Actualmente estaba viendo a través de un Objeto Encantado, por lo que podía presenciar todo con gran detalle, y hasta él dudaba de lo que estaba viendo.

—¿Podría existir tal cosa?

¡Absolutamente no!

No se podía permitir.

Después de todo, emergiendo de las profundidades del pantano oscuro había criaturas de la muerte, a las que se les había otorgado algún tipo de falsa vida retorcida.

Gigantes y Monstruos No Muertos—todos en diversas formas y tamaños—comenzaron a aparecer en miles.

Aparentemente se vertían sin fin…

como una plaga de insectos que no parecía detenerse.

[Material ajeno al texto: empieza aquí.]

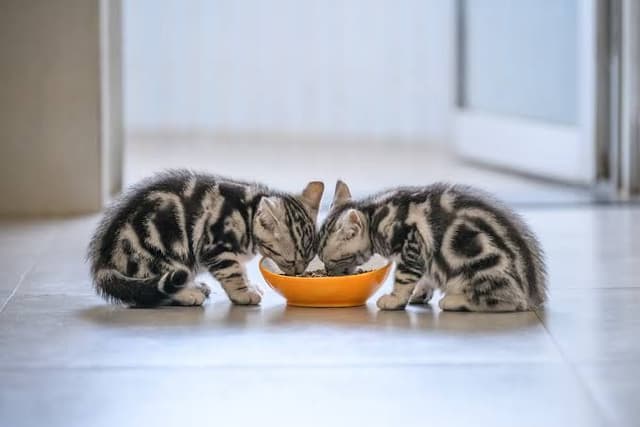 CAT CARE – HOME VISITS & SITTING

Consejero Finn quedó atónito por un momento, incluso llegando a tragar saliva una vez se dio cuenta de que ya estaba temblando.

Sin embargo, rápidamente se recompuso.

—¡Él no era como los cobardes a quienes había criticado—tanto interna como externamente—tantas veces!

¡Él era mejor!

—¡Ataquen!

¡Ataquen ahora!

—Rugió, su voz amplificada por otro Objeto Encantado.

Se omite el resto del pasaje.